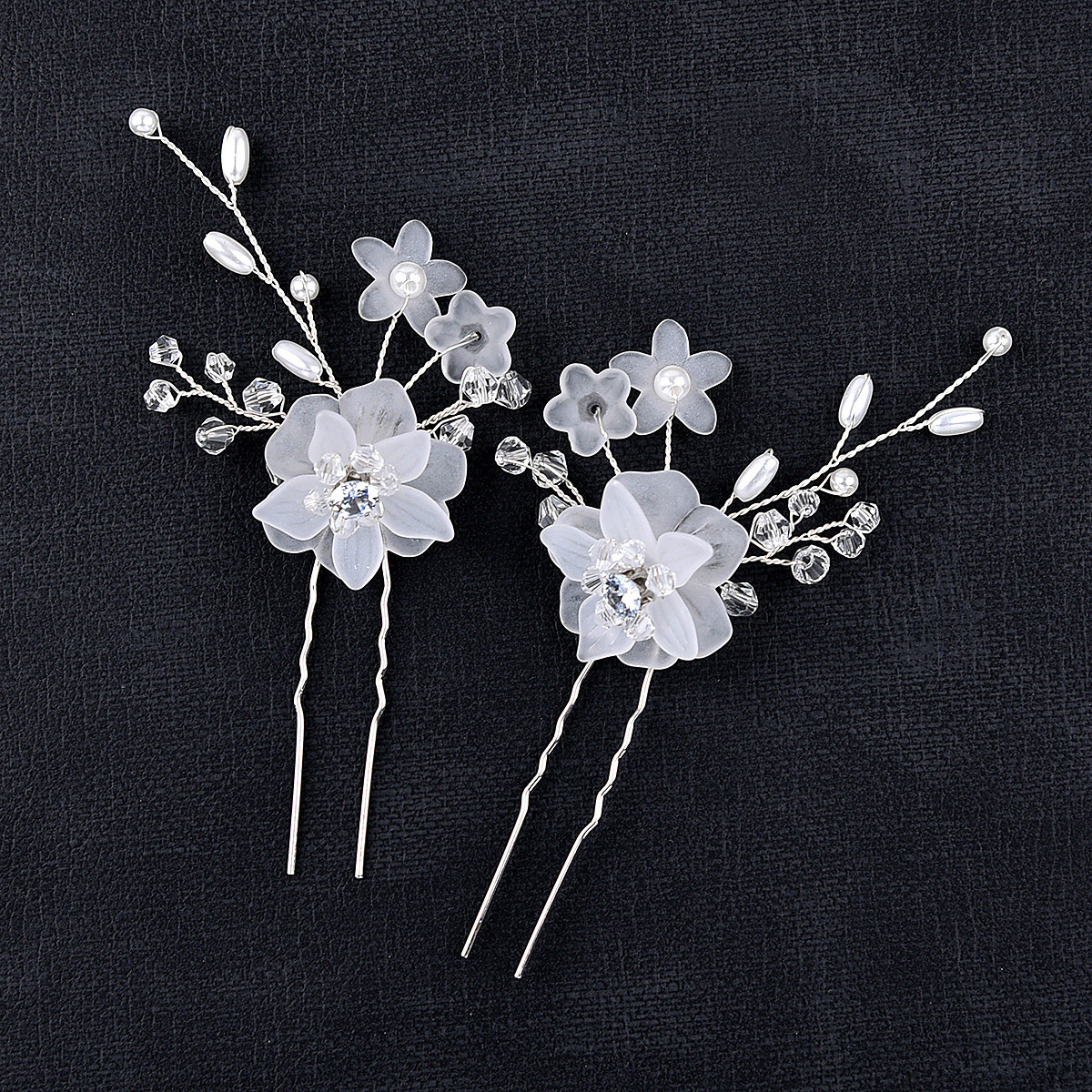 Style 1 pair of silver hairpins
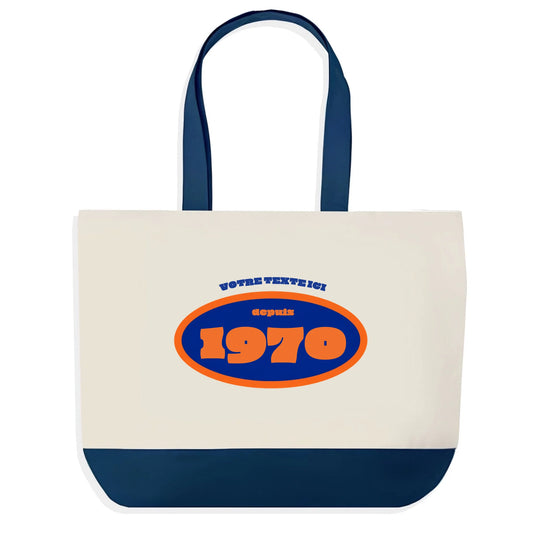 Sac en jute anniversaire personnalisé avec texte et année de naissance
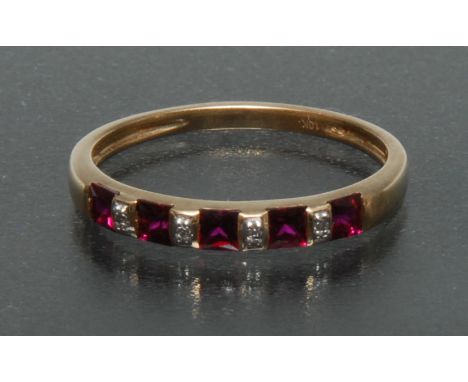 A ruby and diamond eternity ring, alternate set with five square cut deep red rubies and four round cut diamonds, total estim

------------------------------------------------------------------------

* [Exercise prompt] Give back the full listing above word for word, and let no picture through.

* [Solution to the exercise]
 Style 1 pair of silver hairpins
 Sac en jute anniversaire personnalisé avec texte et année de naissance
 A ruby and diamond eternity ring, alternate set with five square cut deep red rubies and four round cut diamonds, total estim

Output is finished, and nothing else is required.